Free smartphone sat-nav is giving car makers a hard time
I had assumed Google Maps just knew I’d want to use a car. I’ve used Google Maps through a web browser on my laptop a few times a week for what must be years.
And every time I ask it to give me directions to somewhere, it has defaulted to telling me how best to go there by car. It can tell you how long it takes to walk somewhere or use the train and bus but, usually, the car turns up.
Surely, a default setting. And one that’s fair enough. Google probably knows everything else about me, so why shouldn’t it know that I’d probably want to use a car? Its settings, as a rule, suited me just fine.
If I wanted to know how bad the traffic was on a Friday night, I’d stick in the office and home addresses and it would tell me where the hotspots were. If I wondered how best to get to a photoshoot venue, it’d suggest a few routes, from which I’d pick one that gave the best en route access to biscuits.

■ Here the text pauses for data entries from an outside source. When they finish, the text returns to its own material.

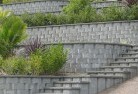 Abbotsford VIClandscaping-kerbs-and-edges-14.jpg; ?>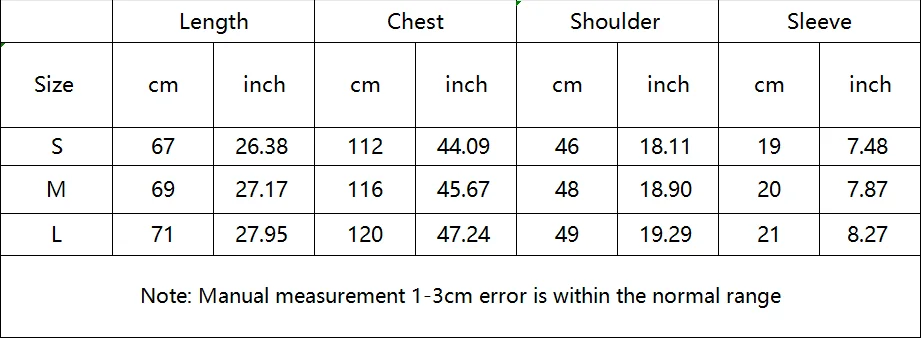 Kapital 24ssJapanese-style Loose and Casual Pure Cotton Round-neck Patchwork Monkey Print Short-sleeved T-shirt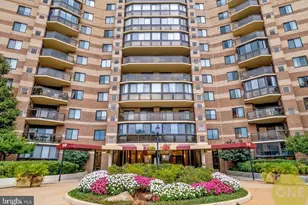 8340 Greensboro Dr, McLean, VA 22102 - Photo 1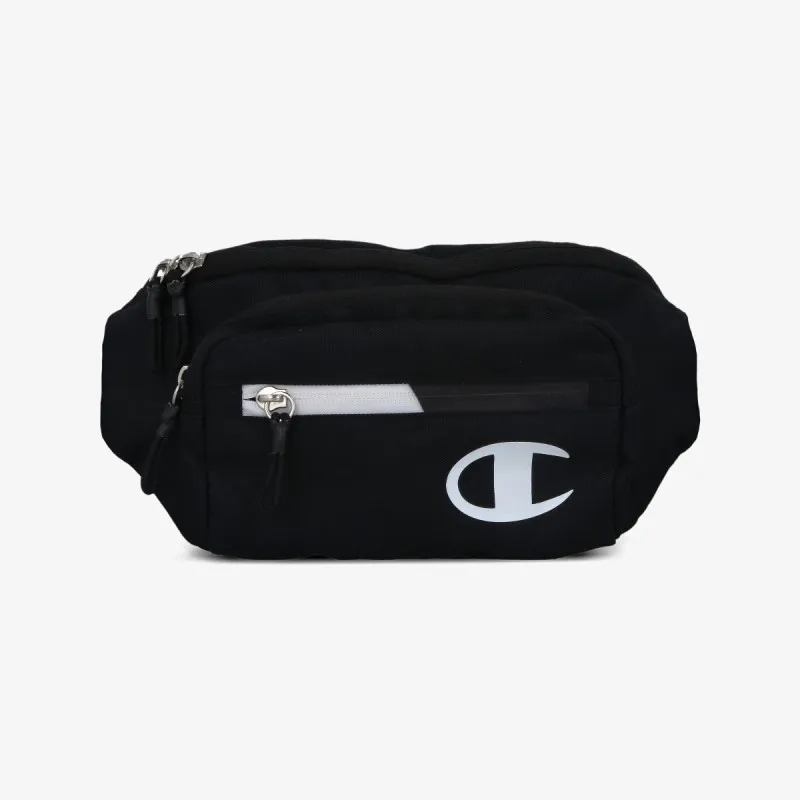 CHAMPION BASIC WAIST BAG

But always it would be the same: from here to here, Matthew, is x hours and xx minutes by car – which would usually turn out to be accurate to within a couple of minutes.
Sometimes, there’d be a train icon hovering underneath the suggested car route, but obviously Google knows I won’t be needing that. Until…
Yesterday, I typed in two locations: Harpenden and Flitwick. And the map’s response threw ‘22 minutes, via Thameslink’ at me. Even I know this is a train.
This time, the car routes – two suggested, of half an hour each – were the subscripts to public transport. In a heartbeat, everything that I thought I knew about the map application was bunkum, and everything I had long suspected about the best way to traverse Britain was confirmed.
Google doesn’t assume I want to use a car. It merely tells me the quickest way to get from place to place. It just so happens that, during the hundreds, perhaps thousands, of searches I’ve performed over the past few years, it had never before concluded that a train would be faster than a car.
Throw in how simple it is to stop for a packet of Jaffa Cakes and, as we all know, cars continue to rule.